By index arithmetics I mean something like

P_LIN = (iωP-1+(blockIdx().x-1)*dimΩP)*dimH*dimH
Q_LIN = (iωQ-1+(blockIdx().x-1)*dimΩQ)*dimH*dimH
X_LIN = (blockIdx().y-1)*dimX1
Y_LIN = (blockIdx().z-1)*dimY1

Update 2:

According to this post,

if I am sure about the actual range of P_LIN, Q_LIN, X_LIN, Y_LIN I’d better use UInt32, right? Can this actually invoke the correct “Integer Instructions” (I guess it is IADD32I) ?

JeffreySarnoff · July 21, 2018, 7:33pm

For portability over distinct sorts of graphics processors and in service of performance, you want to use a 32-bit integer type. Whether or not that is better given as an UInt32 or an Int32 is going to be dependant on the way these things are handled from the gpu side rather than being something to optimize for Julia. We are very good about specializing on e.g. is it an Int32 or a UInt32 for purposes of dispatch. If the gpu is munching on unsigned indices, give it UInt32s and vice-versa.

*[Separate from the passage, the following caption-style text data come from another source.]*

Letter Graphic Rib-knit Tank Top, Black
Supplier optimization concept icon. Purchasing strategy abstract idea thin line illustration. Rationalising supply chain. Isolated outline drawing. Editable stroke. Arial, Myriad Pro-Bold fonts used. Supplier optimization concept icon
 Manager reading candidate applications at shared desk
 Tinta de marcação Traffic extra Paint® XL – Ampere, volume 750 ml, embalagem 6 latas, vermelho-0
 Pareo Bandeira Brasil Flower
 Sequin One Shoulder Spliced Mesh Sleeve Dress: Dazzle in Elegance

Do not use an Int or a UInt for this purpose. They are both 32-bit and 64-bit types. You want more specificity when interacting with gpus (irrespective of the host processor’s bitwidth and also irrespective of the gpu’s nominal bitwidth for nonvectorized, nonsimd instructions).

Lian_Yunlong · July 21, 2018, 9:02pm

Thanks Jeffrey.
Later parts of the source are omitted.